By Robert Campbell
NEW YORK, Oct 18 (Reuters) - For years the energy story out of Canada has been exclusively about the emergence of Alberta’s oil sands as a massive, if costly new source of crude.
Indeed, the rise of the oil sands was always seen as a happy solution to the country’s dwindling conventional oil production and the crumbling economics of Alberta’s natural gas industry.
But a funny thing has been happening. The shale revolution has come to Canada’s oil sector in a big way. And like similar developments in the United States, the hottest play seems to be closely linked to the place where conventional oil production started decades ago.
As in Texas and Oklahoma, Alberta’s oil patch is seeing renewed interest in old acreage. Indeed, the latest transaction in the sector is aimed in part at the source rock - the Duvernay shale - of the famous Leduc No. 1 well that touched off Alberta’s postwar oil boom in 1947.
Exxon Mobil Corp’s proposed $2.6 billion acquisition of much of the assets of Canada’s Celtic Exploration instantly makes the supermajor a key player in both the Duvernay and the larger Montney shale.
Although the takeover is far too small to transform a company the size of Exxon, it speaks volumes about the shale potential in Alberta.
Indeed, the takeover is likely to force a lot of international companies to re-evaluate the potential of Alberta’s conventional oil sector.

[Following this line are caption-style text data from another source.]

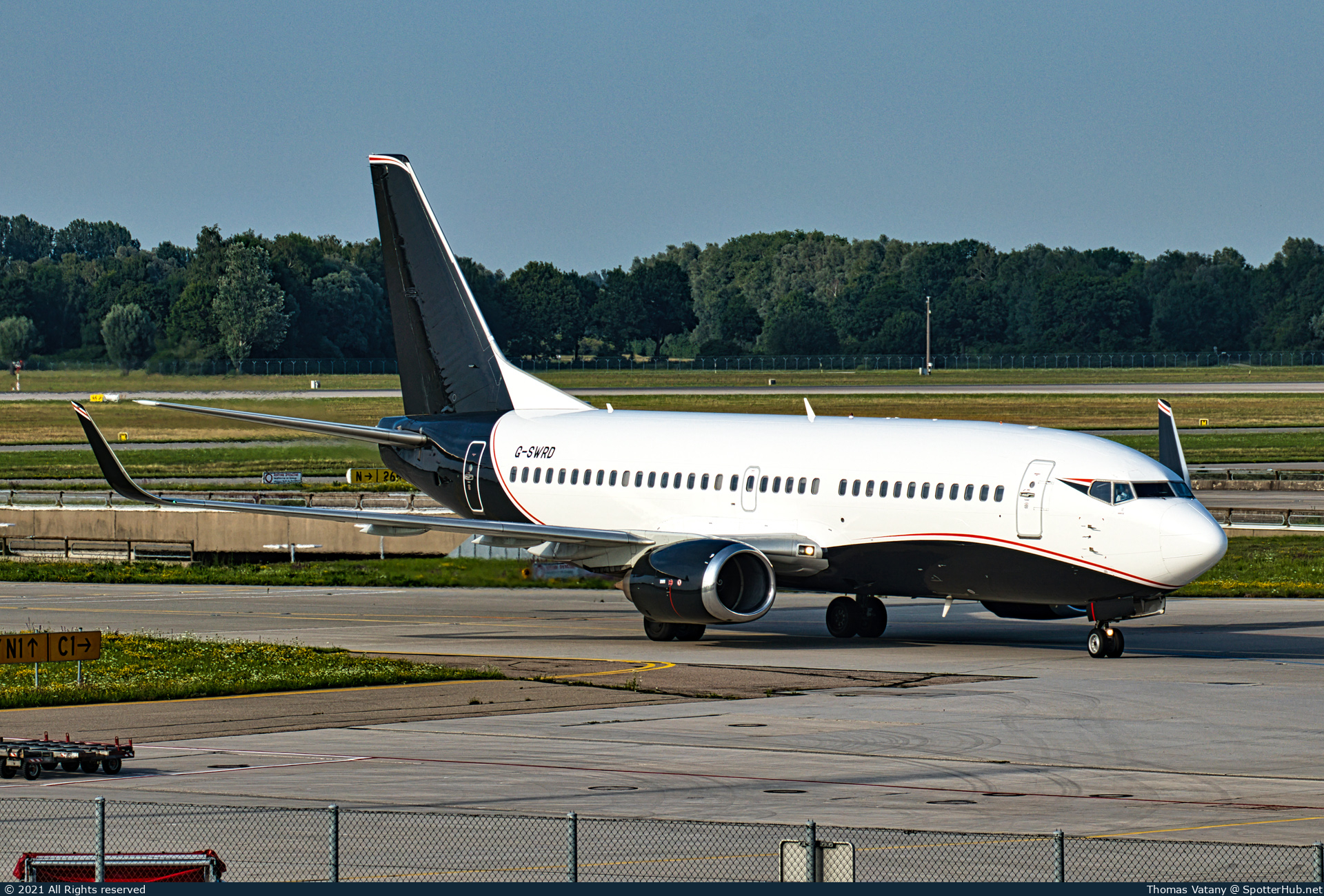 Photo of G-SWRD - Boeing 737-3L9 operated by 2Excel Aviation
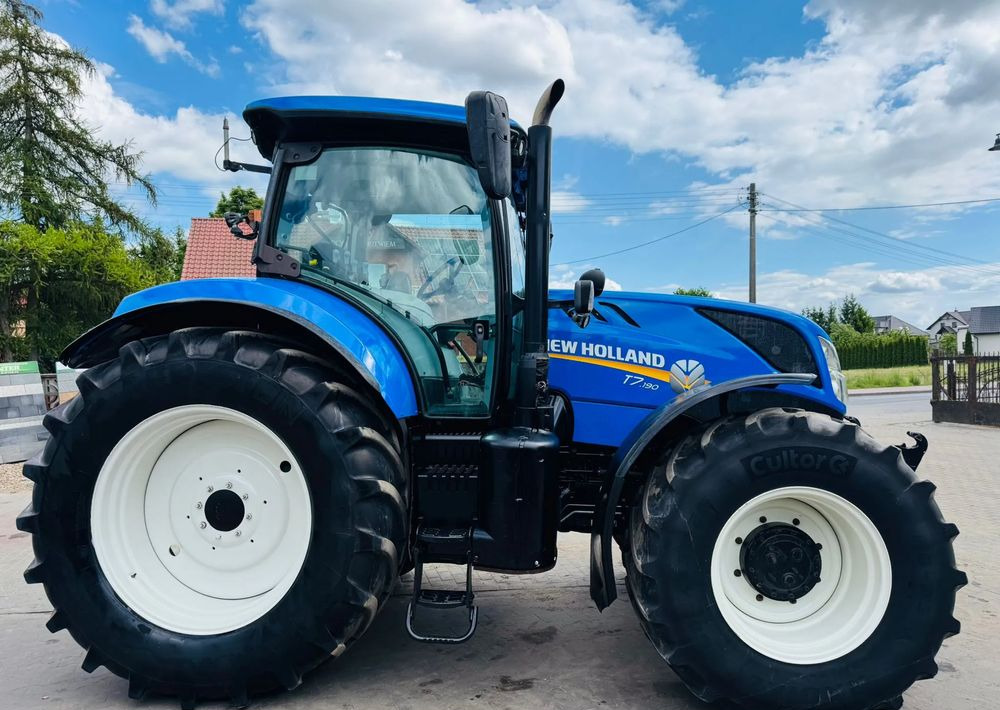 New Holland T7.190 - Tracteur agricole: photos 3 New Holland T7.190 - Tracteur agricole: photos 3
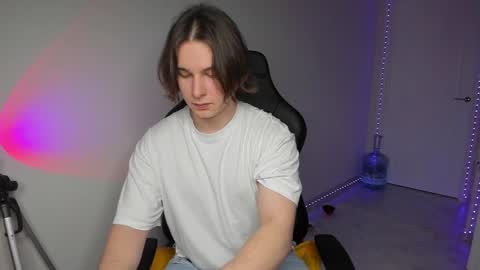 Snapshot of vincent__strong chatting on December 2024 01:38:02 PM Vincent Strong online show from December 2024 01:38:02 PM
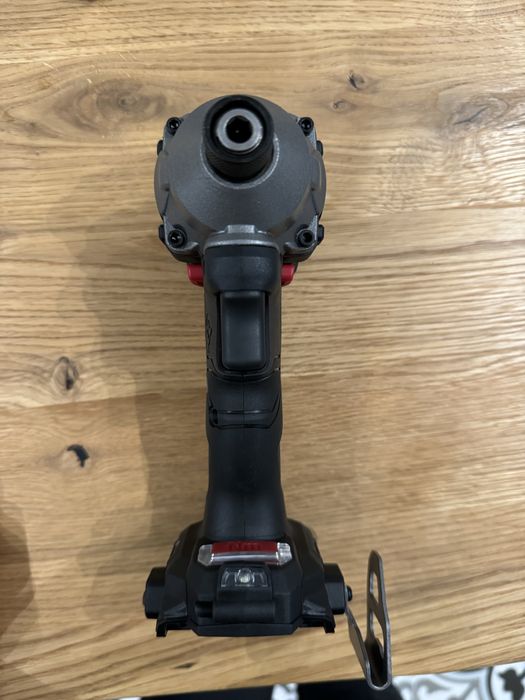 Продавам чисто нови импакти Parkside Performance B3 модел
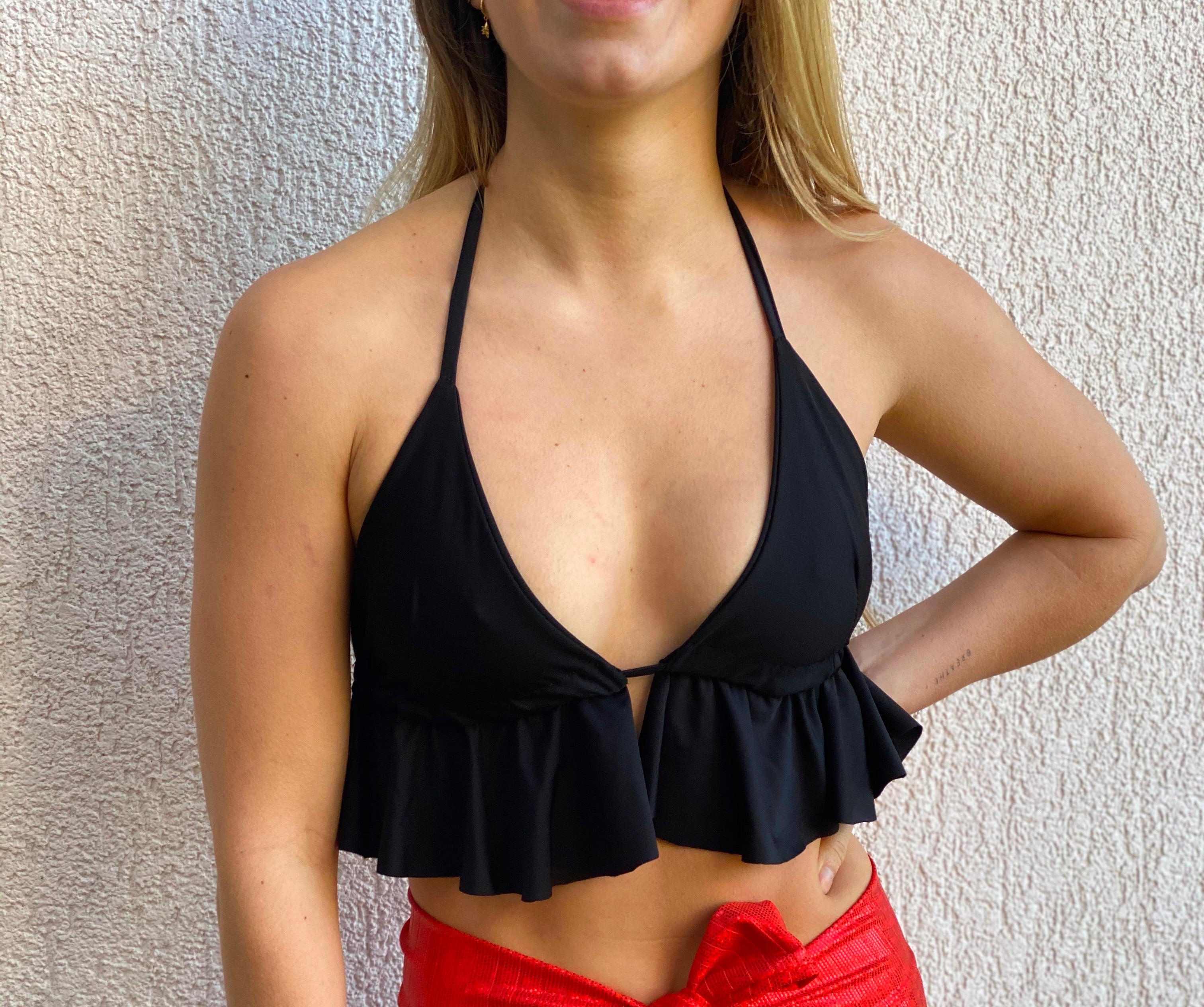 TOP TRIÁNGULO VOLADOS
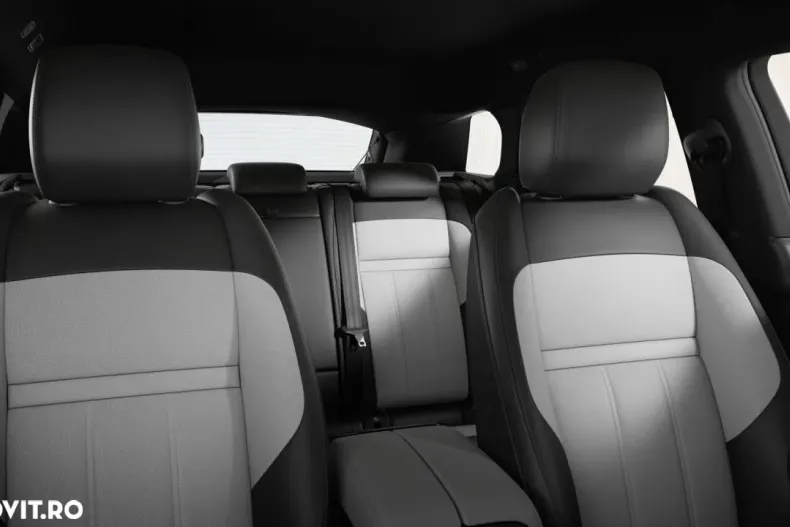 Land Rover Range Rover Evoque din 2024 cu 1 km - oferta LAN135981 - foto 6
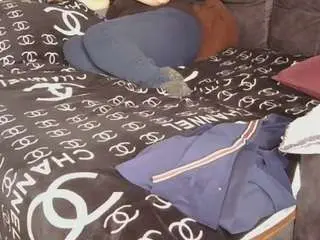 Medjik-lool  live sex cam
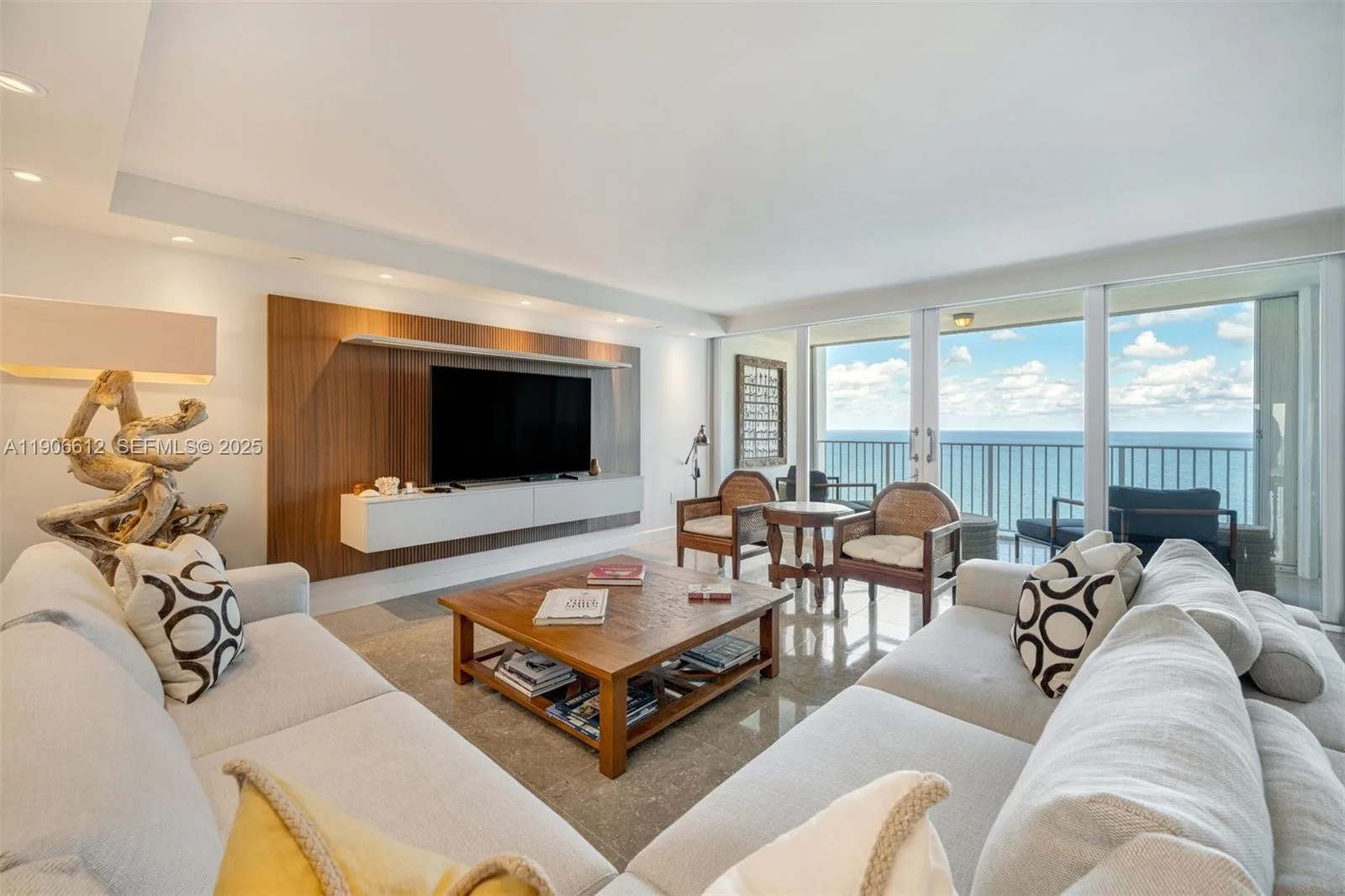 881 Ocean Dr # 26B, Key Biscayne, FL 33149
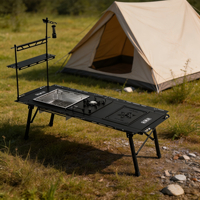 Table tactique modulaire pliable détachable avec réchaud, grill et évier intégrés, conception compacte pour le glamping en forêt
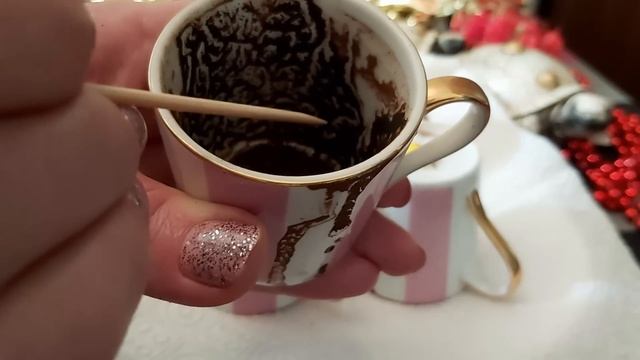ГАДАНИЕ НА КОФЕЙНОЙ ГУЩЕ: ИСПОЛНИТСЯ ЛИ ЗАДУМАННОЕ? ЧЕГО ОЖИДАТЬ? смотреть онлайн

Oil sands will remain huge, but could it be that cheaper and easier-to-develop shale oil captures the imagination?
Exxon tends to get acquisitions right, and the company’s reputation for long-term thinking means the Celtic buy has to be looked at strategically.
Celtic’s assets and current production are mostly gas-rich, but Exxon has played up the liquids angle in the transaction. That is the nature of most shale plays, though: They offer exposure to both oil and gas.
Although the longer-term picture for Western Canadian natural gas may improve with potential exports to Asia in the form of liquefied natural gas, the current picture is ugly and seems likely to stay that way for years.
Alberta’s natural gas sector is being squeezed by the shale revolution that is opening up production closer to its main markets in Eastern Canada and the U.S. Midwest.
That is hammering the economics of Albertan gas production, especially as dwindling volumes on major pipelines force up transportation tariffs.
On the other hand, both oil and natural gas liquids look far more promising.
Alberta is already a major petrochemical producer, and the oil sands require condensates for shipping. Therefore, anyone producing natural gas liquids and condensates in the province enjoys an advantage over producers who have to ship their product in by pipeline or rail.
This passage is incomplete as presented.